On nice days nothing but nice things seem to happen; it was little Marleen who had once said that, when she had still been quite tiny. And it was true. By six-thirty, everything was ready. The table in the dinerette alcove had been re-laid after tea, the Cornish chicken pie was in the oven with the switch set low, Marleen had finished in the bathroom and Beryl was in her Mexican housecoat with the Sun-God buttons.

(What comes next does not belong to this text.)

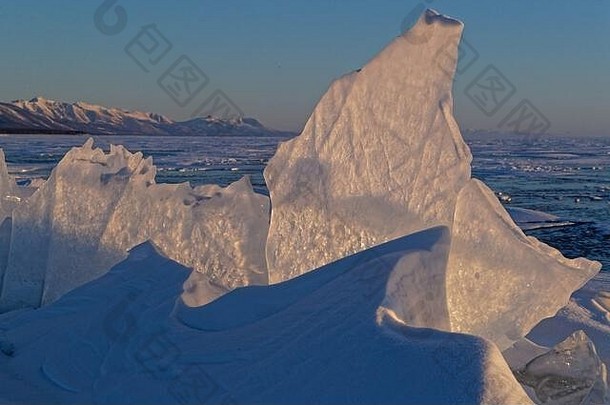 冰块日出霍夫斯戈尔湖蒙古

Even on ordinary days it was one of the moments that Beryl liked best. There was a sense of leisure, of luxury almost, in just being able to sit there quietly in the lounge for a few minutes. Idly, more to pass the time than anything else, she re-read the article in
Woman's Own
on attic conversions. Not that she was thinking of doing anything about it; not just for the moment, that is. Not until they had settled up with Mr Winters. But some time next year, perhaps. One huge, enormous room stretching the whole length of the house was how she saw it, with divan-style furnishing and a lot of big, lumpy cushions; and a squat, glass-topped table; and low-key lighting; and bare boards, naturally, with a rug or two set at strange, odd angles to complete the effect.